WHAT TO DO
Restrict the output to the lines below starting at the one that contains "На открытом воздухе" and ending at the one that contains "(PDF) Simulated Hyperglycemia", and restate them word for word, both ends included.
INFORMATION SHOWN Start Marker
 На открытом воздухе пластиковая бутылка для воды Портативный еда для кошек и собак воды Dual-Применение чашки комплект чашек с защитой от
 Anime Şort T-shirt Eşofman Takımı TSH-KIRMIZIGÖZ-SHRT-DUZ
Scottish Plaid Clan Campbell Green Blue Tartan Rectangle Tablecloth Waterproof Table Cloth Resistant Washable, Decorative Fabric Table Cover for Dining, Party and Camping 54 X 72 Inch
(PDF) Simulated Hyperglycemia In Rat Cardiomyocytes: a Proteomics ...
INFORMATION SHOWN End Marker
INFORMATION SHOWN Start Marker
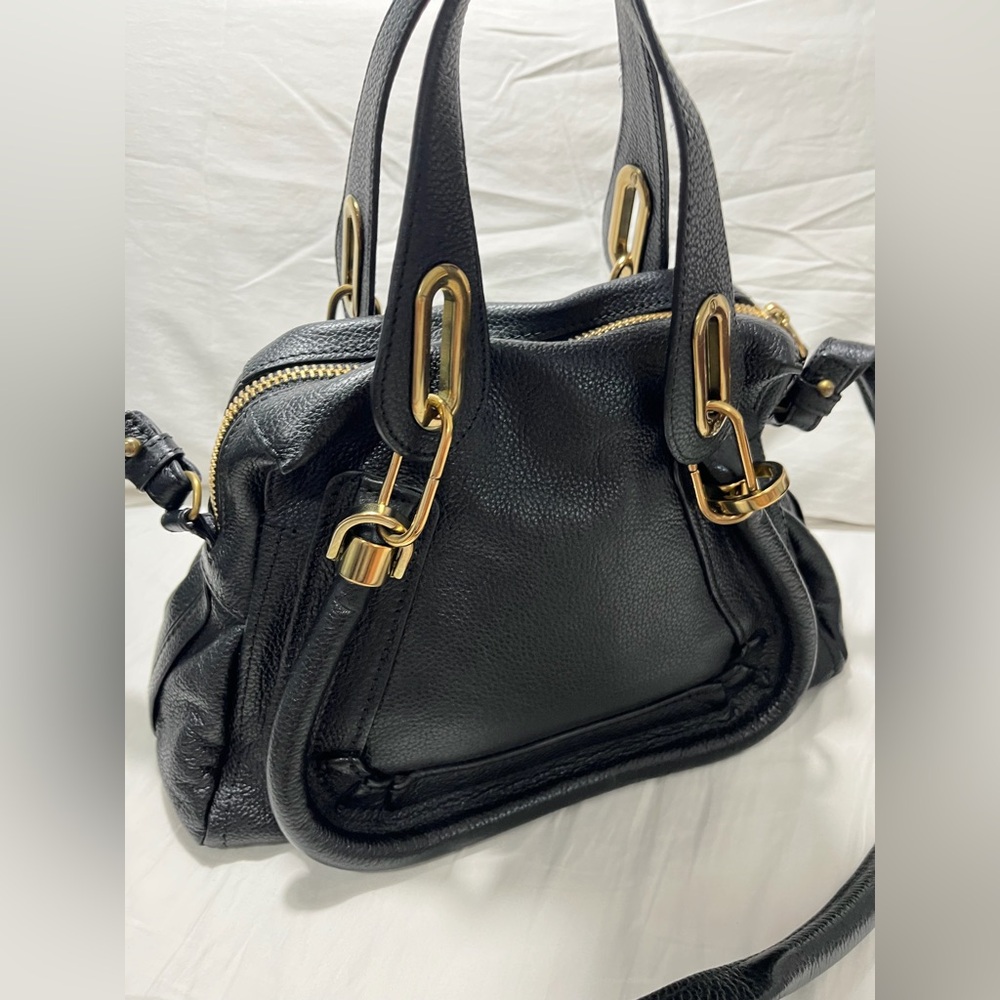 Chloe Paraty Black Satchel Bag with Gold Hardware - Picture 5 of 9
INFORMATION SHOWN End Marker
REPLY TO THE EXERCISE
 На открытом воздухе пластиковая бутылка для воды Портативный еда для кошек и собак воды Dual-Применение чашки комплект чашек с защитой от
 Anime Şort T-shirt Eşofman Takımı TSH-KIRMIZIGÖZ-SHRT-DUZ
Scottish Plaid Clan Campbell Green Blue Tartan Rectangle Tablecloth Waterproof Table Cloth Resistant Washable, Decorative Fabric Table Cover for Dining, Party and Camping 54 X 72 Inch
(PDF) Simulated Hyperglycemia In Rat Cardiomyocytes: a Proteomics ...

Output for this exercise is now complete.